Many of the divorcing couples I see tell me they tried marriage counseling, and it was a waste of their time and money. However, when you look a little deeper, it's easy to see why the counseling was not successful. The reasons for failure include:
a) Some couples who say they've had "a lot" of counseling have actually seen three or four different counselors, two or three times each. But it takes time time build a trusting relationship with a counselor, especially if the counselor needs to tell each person about his and her shortcomings.
b) Some couples wanted a quick fix, instant gratification. But it takes more than a month or two to unlearn bad habits, and it also takes time to learn new, useful habits. People seeking marriage counseling should expect months of intense, weekly counseling tapering off to monthly, and even after they've completed counseling, they should expect to return from time to time to take a refresher course.
c) Some couples expected the counselor would do the work, and they could be passive observers. But counseling is hard work for the participants. It's the counselors who sit back, watch, and listen as the participants practice new skills and techniques of talking and listening to each other. It is an exhausting and often frustrating but worthwhile effort.
d) Some couples wanted to change one another. But none of us has the power to change someone else, and counseling won't change anyone who doesn't want to change. The reason to participate in counseling is for each to voluntarily change him or herself, even if it's only changing the way each one reacts to the other.
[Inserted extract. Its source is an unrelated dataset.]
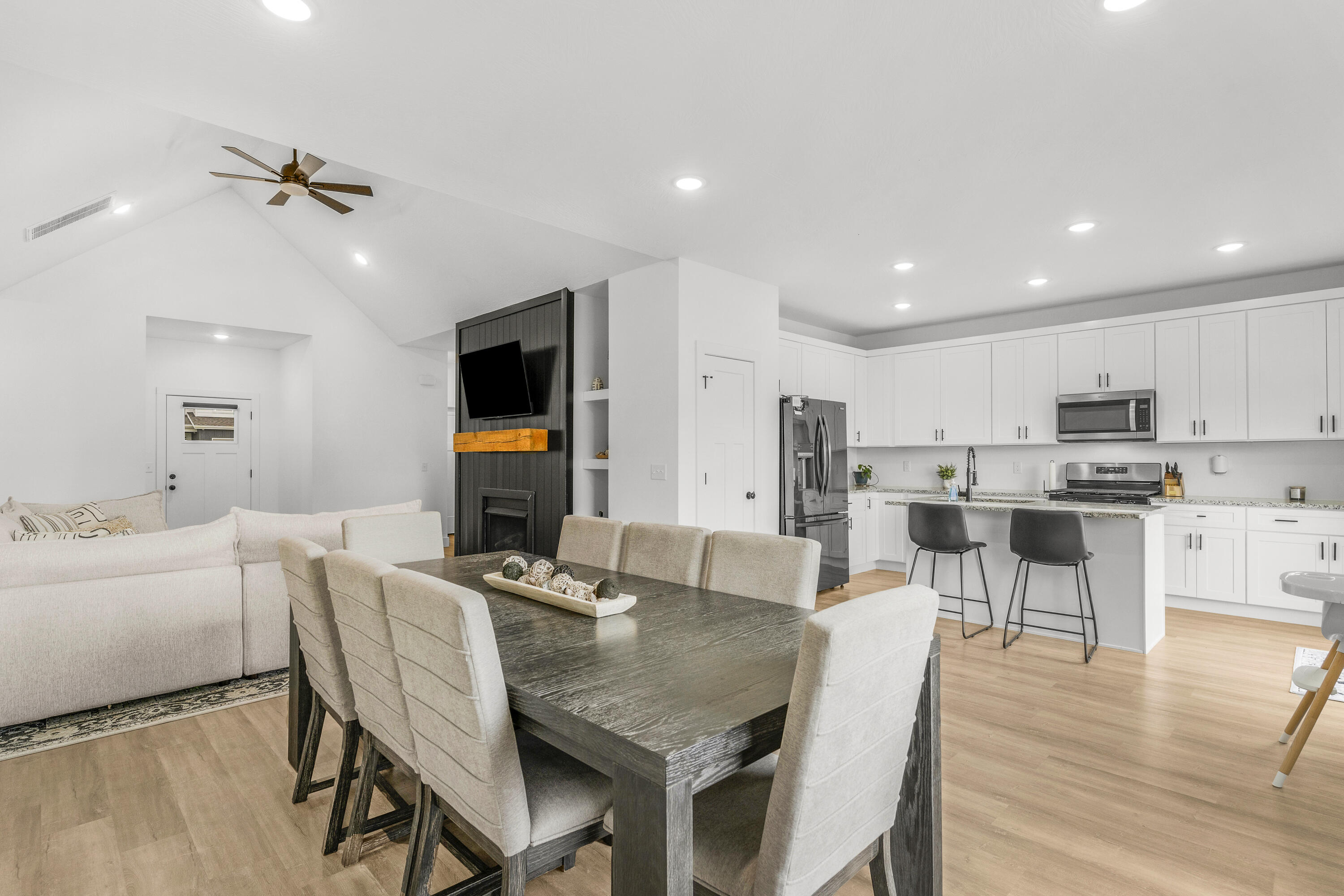 1286 South Birch Avenue Property Photo 4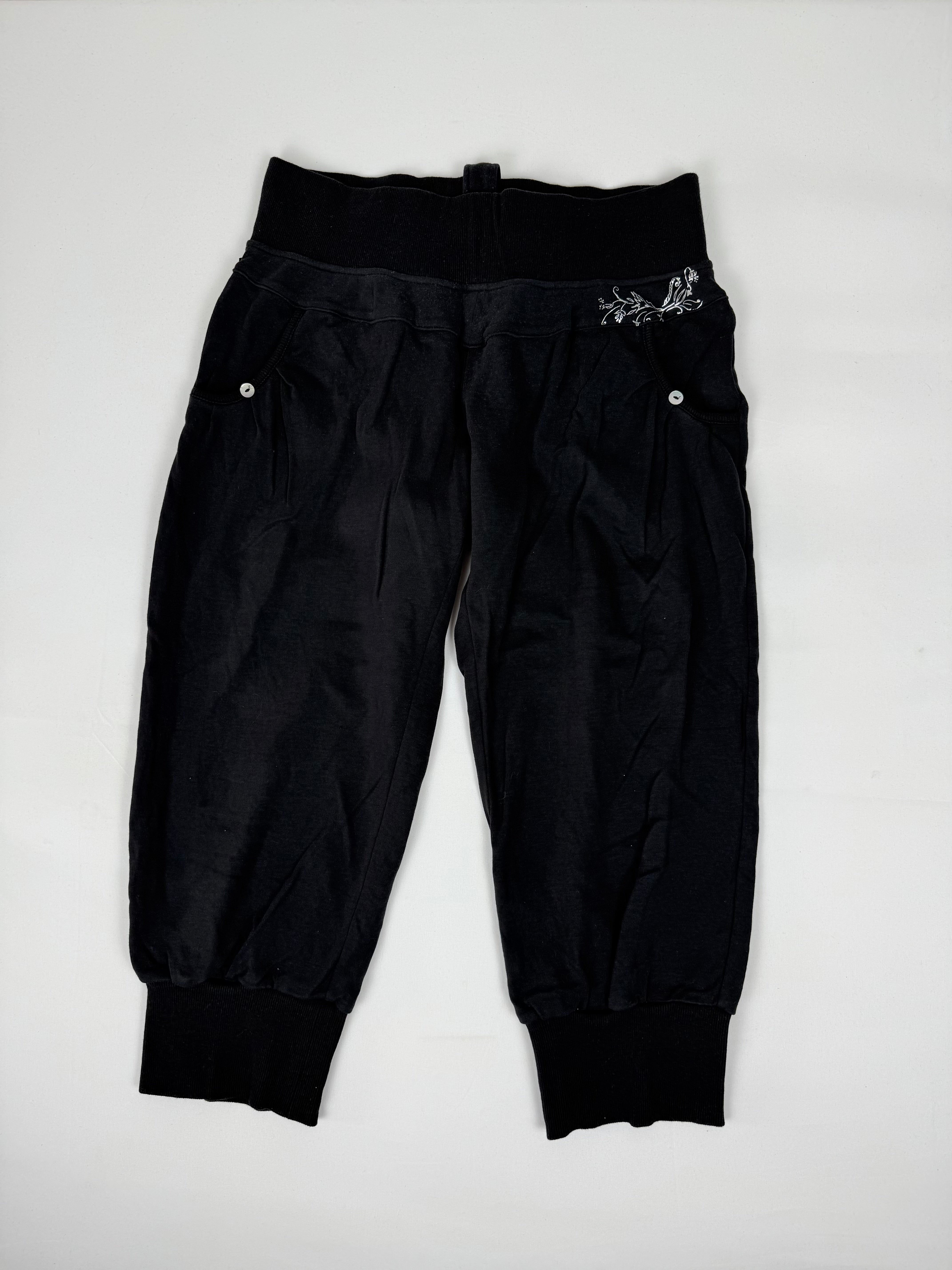 Black cotton capri pants (M)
e) Some couples wanted the counselor to make things the way they used to be, before they had marital strife. But going backwards won't work. What the couple once had didn't work, or they wouldn't be having problems. Counseling is about negotiating a new deal, a new way to interact and make decisions.
Divorcing couples who never even attempt to work it out with the help of counseling make me sad. They're throwing their marriages away without even trying. But divorcing couples who do try counseling need to be prepared to work hard, to be patient and to make and accept change.